Tomorrow, if I feel this crappy, I'm not going.  I can't do today again tomorrow, even if it does put all my lesson plans off.  I'll hate it, but I just don't think I can endure another day of it.

Sunday, August 21, 2011

Sherlock

Oh, I do so love this show.  The new Sherlock Holmes is totally obnoxious and completely brilliant. Specific little quirks and oddities Moffat has built in that I adore are the way Holmes will tell people to shut up because they're thinking too loudly, the way he harasses people through text messages, and the relationship Holmes has with his brother Mycroft.  They're hilarious.  If I knew him, I would probably be torn between absolute wonder and slapping him around.  It's lovely.

 It is a perfect reinvention of the Sir Arthur Conan Doyle character.  It's all there.  The moods, the mind, the darkness.  Too often, people who try to do Holmes turn him into a caricature, play up the deer stalker and the pipe and play down the very real demons that were written into the man.  Moffat has not shied away from the obsessions, the addictions, or the compulsions that accompany the brilliance.  There's a fabulous scene in one episode where he gets bored, paints a smiley face on the wall of his living room in yellow spray paint, and then shoots at it with Watson's Browning.  Characterization perfected.

Watson, too, is right on.  He's a man of action and intelligence who needs what Holmes has, the fire and the bright sheer insanity, to pull him out of the pain of his own past.  He's also a normal man trying to keep up with a genius. You can see the strain of what that is like well-played.  It is not always easy to be the friend and the point of stability for someone like Holmes.  I like that this Watson isn't written as a hero-worshiper who is blind to all of the negative qualities.  He admires, but not without awareness.  He does serve as the steady foundation that Holmes needs to ground himself, though, something he can rely on to be there so he can dance on and over the edge and know that there is something to pull him in even though he would probably never admit to that concept or that need.  And then, of course, there is Holmes' need for an appreciative audience...

And then there is Moriarty....  Well.  If Holmes describes himself as a "high-functioning sociopath" and really is, imagine what this new Moriarty has been made.  I think it's going to be a grand series.  It seems Moffat cannot miss.

Saturday, August 20, 2011

Sick

What I thought yesterday was just a sore throat from too much lecture seems today to be something else.  I feel like I was hit by a truck.  I have spent all day on the couch watching movies and TV shows through the Roku, shuffling precariously to the washing machine to get a few loads of clothes done as I can.  
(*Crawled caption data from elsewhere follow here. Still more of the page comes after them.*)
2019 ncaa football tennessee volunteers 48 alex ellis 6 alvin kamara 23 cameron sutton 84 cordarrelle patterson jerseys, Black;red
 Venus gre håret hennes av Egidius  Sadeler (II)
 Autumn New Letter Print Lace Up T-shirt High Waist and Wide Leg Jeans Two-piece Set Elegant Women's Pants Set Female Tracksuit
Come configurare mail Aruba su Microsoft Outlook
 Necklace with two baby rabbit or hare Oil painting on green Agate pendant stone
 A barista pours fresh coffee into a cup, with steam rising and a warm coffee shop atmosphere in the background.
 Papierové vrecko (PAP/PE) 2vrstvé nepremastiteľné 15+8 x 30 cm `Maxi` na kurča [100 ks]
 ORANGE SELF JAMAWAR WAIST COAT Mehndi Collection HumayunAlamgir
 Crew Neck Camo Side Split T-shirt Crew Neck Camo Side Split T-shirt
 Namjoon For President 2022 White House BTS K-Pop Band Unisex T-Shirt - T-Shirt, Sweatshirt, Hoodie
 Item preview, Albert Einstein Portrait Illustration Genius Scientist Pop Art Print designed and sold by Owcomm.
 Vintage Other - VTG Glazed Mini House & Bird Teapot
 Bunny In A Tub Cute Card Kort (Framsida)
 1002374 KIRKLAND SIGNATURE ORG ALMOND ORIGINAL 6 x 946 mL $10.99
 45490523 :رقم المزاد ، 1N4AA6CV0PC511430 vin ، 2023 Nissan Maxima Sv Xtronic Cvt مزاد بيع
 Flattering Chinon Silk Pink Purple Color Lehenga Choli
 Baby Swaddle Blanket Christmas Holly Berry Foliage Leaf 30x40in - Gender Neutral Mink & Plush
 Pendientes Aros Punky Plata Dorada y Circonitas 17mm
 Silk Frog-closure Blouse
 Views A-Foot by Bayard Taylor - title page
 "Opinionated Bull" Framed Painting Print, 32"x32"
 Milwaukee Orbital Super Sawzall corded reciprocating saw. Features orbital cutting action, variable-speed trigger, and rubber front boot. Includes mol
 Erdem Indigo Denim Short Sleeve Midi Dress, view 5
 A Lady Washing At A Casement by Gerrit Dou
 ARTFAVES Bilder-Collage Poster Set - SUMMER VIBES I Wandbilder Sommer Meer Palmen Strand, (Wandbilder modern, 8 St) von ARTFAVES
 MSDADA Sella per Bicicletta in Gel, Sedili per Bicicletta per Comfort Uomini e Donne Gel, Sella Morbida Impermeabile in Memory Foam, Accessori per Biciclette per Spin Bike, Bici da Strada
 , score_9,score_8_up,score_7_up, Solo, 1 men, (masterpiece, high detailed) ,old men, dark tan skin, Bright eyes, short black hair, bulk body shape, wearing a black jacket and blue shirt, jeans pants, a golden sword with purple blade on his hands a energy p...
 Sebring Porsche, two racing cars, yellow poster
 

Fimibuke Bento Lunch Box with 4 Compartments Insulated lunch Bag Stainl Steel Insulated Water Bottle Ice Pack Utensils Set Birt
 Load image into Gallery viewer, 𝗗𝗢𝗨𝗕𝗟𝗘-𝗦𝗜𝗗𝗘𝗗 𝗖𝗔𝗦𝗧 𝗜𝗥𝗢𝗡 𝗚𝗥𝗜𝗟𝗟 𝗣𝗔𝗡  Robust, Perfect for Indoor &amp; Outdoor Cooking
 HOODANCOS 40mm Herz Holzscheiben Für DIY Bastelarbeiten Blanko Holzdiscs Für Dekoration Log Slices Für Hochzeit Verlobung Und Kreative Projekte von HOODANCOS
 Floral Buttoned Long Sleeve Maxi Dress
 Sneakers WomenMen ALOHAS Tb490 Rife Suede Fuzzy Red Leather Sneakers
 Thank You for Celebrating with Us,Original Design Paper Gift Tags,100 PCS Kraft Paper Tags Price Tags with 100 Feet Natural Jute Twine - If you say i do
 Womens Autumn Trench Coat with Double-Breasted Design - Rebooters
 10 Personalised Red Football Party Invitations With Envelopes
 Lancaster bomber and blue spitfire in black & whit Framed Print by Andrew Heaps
I hate being sick.  Other than migraines, it happens to me very rarely.  I feel pitiful when it does, like I want to put my head in somebody's lap, curl up into a little ball, and just be very still.  I hope this passes.  I'm treating myself with hot tea, lots of liquid, and rest.  I have to be in fighting form for Monday.  I can't do Beowulf if I still feel this icky.  

Thursday, August 18, 2011

Shake, Rattle, and Roll


Things are moving along, but periodically, I have the oddest feeling.  Have you ever dropped something and not had it shatter, but had instead a small piece break off somewhere inside?  Every time it moves or tilts, that little piece will rattle around, ricochet off the internal workings, skitter and tumble.

I feel that sometimes.

I'm still feeling the effects of last year.  There are still little rills, little jittery fragments of the horror of it fluttering around at odd moments inside me, and I have to wrap my fingers around the edges of my speaker's stand and take a deep quiet breath and remind myself that this is a new year.  That it's going to be okay.  That, by and large, the gates of hell have creaked closed with me on the good side of them.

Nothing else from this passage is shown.